*** Opening of Task data ***

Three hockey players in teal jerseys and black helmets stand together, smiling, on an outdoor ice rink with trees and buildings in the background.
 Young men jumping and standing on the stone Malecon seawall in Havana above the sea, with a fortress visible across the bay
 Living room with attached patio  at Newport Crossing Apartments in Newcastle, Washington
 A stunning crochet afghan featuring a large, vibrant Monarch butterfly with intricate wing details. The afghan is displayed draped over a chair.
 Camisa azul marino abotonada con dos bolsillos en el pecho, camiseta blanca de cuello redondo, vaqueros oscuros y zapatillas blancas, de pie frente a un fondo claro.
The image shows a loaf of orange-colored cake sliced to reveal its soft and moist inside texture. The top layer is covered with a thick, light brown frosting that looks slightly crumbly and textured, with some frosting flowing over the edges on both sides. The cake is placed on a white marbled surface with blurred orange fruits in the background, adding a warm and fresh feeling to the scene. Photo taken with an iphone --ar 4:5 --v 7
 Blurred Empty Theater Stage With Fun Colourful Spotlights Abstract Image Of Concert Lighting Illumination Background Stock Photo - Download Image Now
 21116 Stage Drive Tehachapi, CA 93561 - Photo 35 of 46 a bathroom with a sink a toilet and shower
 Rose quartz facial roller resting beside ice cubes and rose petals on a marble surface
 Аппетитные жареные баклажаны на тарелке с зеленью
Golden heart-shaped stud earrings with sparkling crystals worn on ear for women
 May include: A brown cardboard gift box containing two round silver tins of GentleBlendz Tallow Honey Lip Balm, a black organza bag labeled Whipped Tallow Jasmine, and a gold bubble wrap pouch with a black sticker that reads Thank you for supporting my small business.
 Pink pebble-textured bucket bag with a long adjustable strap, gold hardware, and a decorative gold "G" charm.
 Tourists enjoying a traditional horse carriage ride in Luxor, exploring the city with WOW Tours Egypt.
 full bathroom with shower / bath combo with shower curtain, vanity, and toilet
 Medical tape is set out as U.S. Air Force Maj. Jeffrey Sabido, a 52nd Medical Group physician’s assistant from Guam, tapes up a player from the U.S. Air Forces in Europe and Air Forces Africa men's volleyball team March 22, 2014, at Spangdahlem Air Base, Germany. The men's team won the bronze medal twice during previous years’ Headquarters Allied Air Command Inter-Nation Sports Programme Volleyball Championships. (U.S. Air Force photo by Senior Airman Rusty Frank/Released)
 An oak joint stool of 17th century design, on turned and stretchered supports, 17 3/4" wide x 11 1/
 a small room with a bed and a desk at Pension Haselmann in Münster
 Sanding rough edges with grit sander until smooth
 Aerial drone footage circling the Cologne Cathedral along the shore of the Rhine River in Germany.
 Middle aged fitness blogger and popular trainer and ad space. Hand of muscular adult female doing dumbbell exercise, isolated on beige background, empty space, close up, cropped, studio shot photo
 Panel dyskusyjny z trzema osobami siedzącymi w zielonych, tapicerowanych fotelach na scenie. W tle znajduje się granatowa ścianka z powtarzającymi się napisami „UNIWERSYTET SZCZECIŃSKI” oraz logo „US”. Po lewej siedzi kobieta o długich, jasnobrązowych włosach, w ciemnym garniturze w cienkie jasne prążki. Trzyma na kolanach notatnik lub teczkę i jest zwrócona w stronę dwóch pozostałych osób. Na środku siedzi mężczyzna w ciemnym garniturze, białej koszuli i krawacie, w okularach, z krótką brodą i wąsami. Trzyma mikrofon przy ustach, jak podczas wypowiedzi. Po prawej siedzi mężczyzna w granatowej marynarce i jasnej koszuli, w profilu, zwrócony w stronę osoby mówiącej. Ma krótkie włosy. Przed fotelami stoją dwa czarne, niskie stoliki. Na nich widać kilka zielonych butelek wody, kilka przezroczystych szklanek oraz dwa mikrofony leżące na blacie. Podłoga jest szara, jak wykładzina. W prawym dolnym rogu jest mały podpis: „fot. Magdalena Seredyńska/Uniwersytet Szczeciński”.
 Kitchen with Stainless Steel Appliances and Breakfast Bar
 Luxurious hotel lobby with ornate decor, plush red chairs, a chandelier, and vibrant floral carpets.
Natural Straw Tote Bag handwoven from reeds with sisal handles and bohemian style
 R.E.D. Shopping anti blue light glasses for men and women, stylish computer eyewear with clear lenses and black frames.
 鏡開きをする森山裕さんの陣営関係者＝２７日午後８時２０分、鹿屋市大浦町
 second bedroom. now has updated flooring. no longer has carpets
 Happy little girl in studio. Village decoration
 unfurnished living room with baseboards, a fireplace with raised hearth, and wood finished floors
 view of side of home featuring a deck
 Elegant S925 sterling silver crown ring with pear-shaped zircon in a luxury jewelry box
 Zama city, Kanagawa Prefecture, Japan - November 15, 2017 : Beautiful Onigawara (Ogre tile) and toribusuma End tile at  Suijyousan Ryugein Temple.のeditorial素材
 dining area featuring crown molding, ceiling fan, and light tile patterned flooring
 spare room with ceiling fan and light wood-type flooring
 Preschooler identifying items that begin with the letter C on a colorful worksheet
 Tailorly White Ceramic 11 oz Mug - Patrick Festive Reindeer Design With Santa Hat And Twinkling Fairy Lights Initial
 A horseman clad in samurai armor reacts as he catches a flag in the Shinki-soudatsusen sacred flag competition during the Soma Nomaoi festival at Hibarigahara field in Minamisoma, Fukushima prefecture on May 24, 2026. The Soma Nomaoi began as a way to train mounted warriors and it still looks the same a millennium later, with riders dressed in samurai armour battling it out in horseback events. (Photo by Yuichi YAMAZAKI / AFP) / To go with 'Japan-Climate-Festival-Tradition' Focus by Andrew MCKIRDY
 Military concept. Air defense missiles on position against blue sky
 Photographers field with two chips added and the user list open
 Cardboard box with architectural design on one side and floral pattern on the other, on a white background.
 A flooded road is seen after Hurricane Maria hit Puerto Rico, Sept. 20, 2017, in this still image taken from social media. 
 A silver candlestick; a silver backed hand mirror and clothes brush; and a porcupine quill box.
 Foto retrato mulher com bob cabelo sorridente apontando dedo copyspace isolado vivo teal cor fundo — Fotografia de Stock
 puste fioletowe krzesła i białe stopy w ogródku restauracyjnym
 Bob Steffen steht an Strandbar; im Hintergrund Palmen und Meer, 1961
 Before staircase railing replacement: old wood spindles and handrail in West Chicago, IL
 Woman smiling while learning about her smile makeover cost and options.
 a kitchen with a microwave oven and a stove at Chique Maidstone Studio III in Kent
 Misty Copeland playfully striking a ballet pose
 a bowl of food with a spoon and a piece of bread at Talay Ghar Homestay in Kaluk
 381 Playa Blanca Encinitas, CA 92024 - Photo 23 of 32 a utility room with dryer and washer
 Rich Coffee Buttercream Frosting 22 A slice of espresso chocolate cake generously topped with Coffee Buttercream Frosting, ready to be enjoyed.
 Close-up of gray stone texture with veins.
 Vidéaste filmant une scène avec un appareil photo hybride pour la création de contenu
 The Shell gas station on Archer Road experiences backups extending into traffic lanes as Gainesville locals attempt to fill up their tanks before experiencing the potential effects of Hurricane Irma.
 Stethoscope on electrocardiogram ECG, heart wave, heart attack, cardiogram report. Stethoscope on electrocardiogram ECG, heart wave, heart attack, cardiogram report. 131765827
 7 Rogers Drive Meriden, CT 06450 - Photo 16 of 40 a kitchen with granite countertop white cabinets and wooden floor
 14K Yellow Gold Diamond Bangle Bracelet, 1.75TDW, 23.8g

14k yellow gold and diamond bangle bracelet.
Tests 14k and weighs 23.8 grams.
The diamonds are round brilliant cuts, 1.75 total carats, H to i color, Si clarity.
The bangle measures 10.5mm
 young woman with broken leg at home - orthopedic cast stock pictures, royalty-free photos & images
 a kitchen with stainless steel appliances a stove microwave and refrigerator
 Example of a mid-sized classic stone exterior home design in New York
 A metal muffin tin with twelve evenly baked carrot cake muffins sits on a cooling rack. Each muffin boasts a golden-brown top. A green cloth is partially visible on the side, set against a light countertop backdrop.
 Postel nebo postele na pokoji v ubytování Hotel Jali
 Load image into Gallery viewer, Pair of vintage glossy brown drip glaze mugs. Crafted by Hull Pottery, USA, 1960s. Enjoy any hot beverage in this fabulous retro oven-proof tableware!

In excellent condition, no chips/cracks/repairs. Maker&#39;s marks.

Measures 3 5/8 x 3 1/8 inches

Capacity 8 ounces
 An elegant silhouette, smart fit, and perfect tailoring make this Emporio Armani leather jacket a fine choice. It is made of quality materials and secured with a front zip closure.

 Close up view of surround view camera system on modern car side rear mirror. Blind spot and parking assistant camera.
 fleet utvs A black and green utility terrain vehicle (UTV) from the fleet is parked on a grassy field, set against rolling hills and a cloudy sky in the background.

*** Close of Task data ***

**Task objective:** Lines from the top of the entries through the line with "Living room with attached" are to be transcribed exactly, and nothing more.

**Response box:**
Three hockey players in teal jerseys and black helmets stand together, smiling, on an outdoor ice rink with trees and buildings in the background.
 Young men jumping and standing on the stone Malecon seawall in Havana above the sea, with a fortress visible across the bay
 Living room with attached patio  at Newport Crossing Apartments in Newcastle, Washington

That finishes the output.